Uralte Fotos meines Vaters: Die Trümmer sind weggeräumt; der Aufbau begann.
In Leipzig Grünau, auf einem kleinen Platz am hinteren Ende der Parkallee zur Alten Salzstraße, stand eine Bronzeplastik. „Mutter mit Kind“, hatte der Bildhauer und Grafiker Theo Balden seine Plastik genannt. Balden behielt den Namen, der in einem gefälschten Pass stand, als er Nazideutschland verlassen musste. Nach dem Krieg kehrte er zurück und war einer der großen Künstler der Plastik in der DDR. Sozialistische Heldendarstellungen machte er nicht mit und seine Figuren entsprachen nicht der gewünschten Darstellungen in der Zeit des „sozialistischen Realismus“. Ihm stand deshalb öfter Ärger ins Haus, aber er blieb ehrlich und aufrecht. Immer glaubte er daran, dass es eine friedliche und gute Gesellschaft für alle geben kann. Ich glaube das übrigens auch.

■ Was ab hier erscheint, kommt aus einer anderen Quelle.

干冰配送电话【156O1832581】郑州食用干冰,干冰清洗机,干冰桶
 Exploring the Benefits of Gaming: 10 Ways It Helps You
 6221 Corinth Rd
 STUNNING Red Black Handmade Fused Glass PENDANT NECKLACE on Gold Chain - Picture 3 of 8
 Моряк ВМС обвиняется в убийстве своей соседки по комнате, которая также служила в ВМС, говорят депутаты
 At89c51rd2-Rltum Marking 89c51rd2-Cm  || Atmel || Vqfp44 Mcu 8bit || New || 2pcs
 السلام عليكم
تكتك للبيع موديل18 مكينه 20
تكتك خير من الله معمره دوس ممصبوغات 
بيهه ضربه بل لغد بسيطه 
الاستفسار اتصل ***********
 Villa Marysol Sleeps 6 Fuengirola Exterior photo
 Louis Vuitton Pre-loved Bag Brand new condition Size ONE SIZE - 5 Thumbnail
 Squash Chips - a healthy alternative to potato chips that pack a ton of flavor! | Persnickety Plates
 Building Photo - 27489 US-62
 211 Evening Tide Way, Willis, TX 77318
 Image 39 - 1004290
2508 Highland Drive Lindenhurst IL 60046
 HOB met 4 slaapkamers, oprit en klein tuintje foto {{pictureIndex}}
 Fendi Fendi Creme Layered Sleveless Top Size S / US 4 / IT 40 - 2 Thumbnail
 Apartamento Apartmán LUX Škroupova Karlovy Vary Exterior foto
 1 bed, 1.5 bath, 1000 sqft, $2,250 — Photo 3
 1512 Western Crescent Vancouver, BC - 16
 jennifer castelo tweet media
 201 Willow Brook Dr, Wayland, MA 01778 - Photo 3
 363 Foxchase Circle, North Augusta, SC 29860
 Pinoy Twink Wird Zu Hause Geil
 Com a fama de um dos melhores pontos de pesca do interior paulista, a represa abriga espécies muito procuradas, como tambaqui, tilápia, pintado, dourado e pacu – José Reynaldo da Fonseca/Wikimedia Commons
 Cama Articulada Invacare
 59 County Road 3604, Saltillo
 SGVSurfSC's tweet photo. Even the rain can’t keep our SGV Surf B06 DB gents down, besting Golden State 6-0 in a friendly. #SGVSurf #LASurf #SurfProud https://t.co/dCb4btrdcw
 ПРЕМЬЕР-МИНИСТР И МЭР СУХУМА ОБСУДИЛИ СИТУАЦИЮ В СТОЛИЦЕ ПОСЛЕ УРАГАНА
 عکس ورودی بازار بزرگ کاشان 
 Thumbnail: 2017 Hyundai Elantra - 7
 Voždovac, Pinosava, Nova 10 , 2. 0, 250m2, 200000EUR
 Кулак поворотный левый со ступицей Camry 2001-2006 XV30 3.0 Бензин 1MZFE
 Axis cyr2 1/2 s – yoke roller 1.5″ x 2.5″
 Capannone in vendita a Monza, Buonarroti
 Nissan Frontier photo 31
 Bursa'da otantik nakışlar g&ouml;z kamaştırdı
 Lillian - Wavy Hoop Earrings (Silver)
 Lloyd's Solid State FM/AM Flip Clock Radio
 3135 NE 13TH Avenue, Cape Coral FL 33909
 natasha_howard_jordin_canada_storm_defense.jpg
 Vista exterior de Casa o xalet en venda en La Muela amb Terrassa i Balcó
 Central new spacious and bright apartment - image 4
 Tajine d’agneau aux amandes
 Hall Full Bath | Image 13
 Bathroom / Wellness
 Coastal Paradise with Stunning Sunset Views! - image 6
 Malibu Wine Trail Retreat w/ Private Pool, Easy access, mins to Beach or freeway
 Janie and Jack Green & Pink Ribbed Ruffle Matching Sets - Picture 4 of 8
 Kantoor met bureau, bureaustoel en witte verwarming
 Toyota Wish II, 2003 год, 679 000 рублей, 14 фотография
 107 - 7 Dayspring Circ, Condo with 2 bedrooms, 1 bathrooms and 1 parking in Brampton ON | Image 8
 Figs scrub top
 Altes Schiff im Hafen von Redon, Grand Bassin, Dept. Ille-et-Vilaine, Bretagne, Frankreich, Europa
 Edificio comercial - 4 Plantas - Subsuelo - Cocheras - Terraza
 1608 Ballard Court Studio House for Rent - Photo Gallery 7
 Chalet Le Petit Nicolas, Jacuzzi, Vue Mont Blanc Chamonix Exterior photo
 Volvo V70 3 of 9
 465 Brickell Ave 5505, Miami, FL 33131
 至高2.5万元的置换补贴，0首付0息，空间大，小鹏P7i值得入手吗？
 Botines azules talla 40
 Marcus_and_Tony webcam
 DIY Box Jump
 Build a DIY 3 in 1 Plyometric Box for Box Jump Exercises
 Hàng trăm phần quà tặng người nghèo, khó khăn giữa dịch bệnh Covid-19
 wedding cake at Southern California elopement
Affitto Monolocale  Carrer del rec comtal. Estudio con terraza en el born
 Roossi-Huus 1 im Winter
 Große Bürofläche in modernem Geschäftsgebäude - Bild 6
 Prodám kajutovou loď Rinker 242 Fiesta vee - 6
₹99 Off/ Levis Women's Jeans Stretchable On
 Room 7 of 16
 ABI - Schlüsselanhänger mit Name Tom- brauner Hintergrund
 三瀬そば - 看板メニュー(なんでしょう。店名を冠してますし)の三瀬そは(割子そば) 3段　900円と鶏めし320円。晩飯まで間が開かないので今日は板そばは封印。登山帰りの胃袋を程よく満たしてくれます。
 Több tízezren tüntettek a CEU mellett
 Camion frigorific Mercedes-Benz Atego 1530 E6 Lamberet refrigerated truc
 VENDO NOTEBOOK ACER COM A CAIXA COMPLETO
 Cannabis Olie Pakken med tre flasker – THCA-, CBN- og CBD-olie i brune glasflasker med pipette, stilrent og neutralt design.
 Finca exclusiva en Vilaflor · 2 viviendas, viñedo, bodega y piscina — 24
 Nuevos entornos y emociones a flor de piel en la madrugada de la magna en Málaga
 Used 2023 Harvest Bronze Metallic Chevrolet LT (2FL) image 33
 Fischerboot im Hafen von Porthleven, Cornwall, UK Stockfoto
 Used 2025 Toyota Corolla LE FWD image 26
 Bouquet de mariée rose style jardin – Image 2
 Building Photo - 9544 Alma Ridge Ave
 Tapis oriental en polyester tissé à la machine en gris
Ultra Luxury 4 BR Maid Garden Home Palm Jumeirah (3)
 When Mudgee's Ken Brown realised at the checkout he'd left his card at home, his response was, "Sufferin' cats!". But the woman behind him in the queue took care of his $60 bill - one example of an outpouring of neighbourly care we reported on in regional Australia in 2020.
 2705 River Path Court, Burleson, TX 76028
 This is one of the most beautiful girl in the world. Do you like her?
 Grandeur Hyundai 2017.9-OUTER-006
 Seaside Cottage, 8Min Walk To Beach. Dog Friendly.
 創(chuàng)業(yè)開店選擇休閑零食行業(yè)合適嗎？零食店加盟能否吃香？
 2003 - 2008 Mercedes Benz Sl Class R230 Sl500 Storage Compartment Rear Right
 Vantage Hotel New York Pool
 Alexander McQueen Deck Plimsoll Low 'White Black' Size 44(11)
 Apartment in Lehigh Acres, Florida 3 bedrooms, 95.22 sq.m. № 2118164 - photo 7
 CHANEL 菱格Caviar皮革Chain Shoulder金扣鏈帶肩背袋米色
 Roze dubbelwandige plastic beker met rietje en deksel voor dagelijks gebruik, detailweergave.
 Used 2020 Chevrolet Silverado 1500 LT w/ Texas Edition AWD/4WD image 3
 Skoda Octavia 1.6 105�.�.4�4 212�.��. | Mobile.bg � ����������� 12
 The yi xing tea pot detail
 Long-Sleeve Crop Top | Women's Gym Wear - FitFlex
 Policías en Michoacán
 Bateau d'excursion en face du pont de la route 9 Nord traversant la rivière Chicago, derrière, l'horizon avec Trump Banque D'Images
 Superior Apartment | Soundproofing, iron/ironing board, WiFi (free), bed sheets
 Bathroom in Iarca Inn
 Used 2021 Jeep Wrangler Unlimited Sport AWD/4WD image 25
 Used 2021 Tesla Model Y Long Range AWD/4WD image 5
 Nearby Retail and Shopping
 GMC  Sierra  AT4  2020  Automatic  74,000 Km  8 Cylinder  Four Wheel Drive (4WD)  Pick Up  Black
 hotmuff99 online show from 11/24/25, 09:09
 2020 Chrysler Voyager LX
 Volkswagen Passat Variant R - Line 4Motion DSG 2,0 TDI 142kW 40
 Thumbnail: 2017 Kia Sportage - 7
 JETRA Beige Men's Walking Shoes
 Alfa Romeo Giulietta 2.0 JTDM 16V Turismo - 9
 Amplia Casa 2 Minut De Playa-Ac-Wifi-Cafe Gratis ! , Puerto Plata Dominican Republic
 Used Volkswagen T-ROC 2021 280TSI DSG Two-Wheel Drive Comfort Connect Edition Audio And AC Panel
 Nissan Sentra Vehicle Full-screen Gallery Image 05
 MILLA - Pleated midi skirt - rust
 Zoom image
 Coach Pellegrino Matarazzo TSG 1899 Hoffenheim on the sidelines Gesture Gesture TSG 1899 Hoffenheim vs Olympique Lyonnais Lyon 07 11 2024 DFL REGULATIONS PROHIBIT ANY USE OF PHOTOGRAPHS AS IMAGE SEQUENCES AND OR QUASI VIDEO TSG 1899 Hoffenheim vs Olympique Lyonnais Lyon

Die Mutter seiner Plastik hält einen weiten Mantel über das schutzbedürftige Kind, welches ich in Gedanken mit der Zukunft gleich stelle. Nicht ängstlich, sondern ein bisschen trotzig schaut sie nach oben in den Himmel, von wo schon oft tödliches Unheil kam und in vielen Ländern der Erde gerade wieder kommt. Baldens Plastik, die mich immer so an meine Mutter erinnerte, fehlt seit einiger Zeit. Buntmetalldiebe hatten sie vom Sockel gestoßen, konnten sie aber nicht wegtragen. So sagte man.
Ich werde mich erkundigen beim Amt für Denkmalschutz, wo die Figur jetzt ist, und wann sie wieder in Grünau sein wird. Sie fehlt mir, weil sie mich an meine Mutter erinnert und daran, dass es viel zu schützen und zu bewahren gibt.
Hinweis:
Balden schuf zwei Originale. Die andere „Mutter mit Kind“ steht in Berlin Mitte, Klosterstraße, Grünanlage an der Ruine der Franziskanerklosterkirche.
Liebe Gudrun,
so viele tapfere Frauen in dieser so schrecklichen Zeit – damals wie heute, in so vielen Gebieten auf unserem Planeten.
Wie sehr ich verstehen kann, dass Dich diese Plastik an Deine Mutter erinnert! Sehr berührend, wie Du über ihr beschützendes Handeln schreibst, es kommt sehr real bei mir an. Fast sehe ich Bilder solcher schrecklicher Situationen ablaufen wie einen Film.
Hoffentlich kommt die Plastik zurück, das wünsche ich Dir!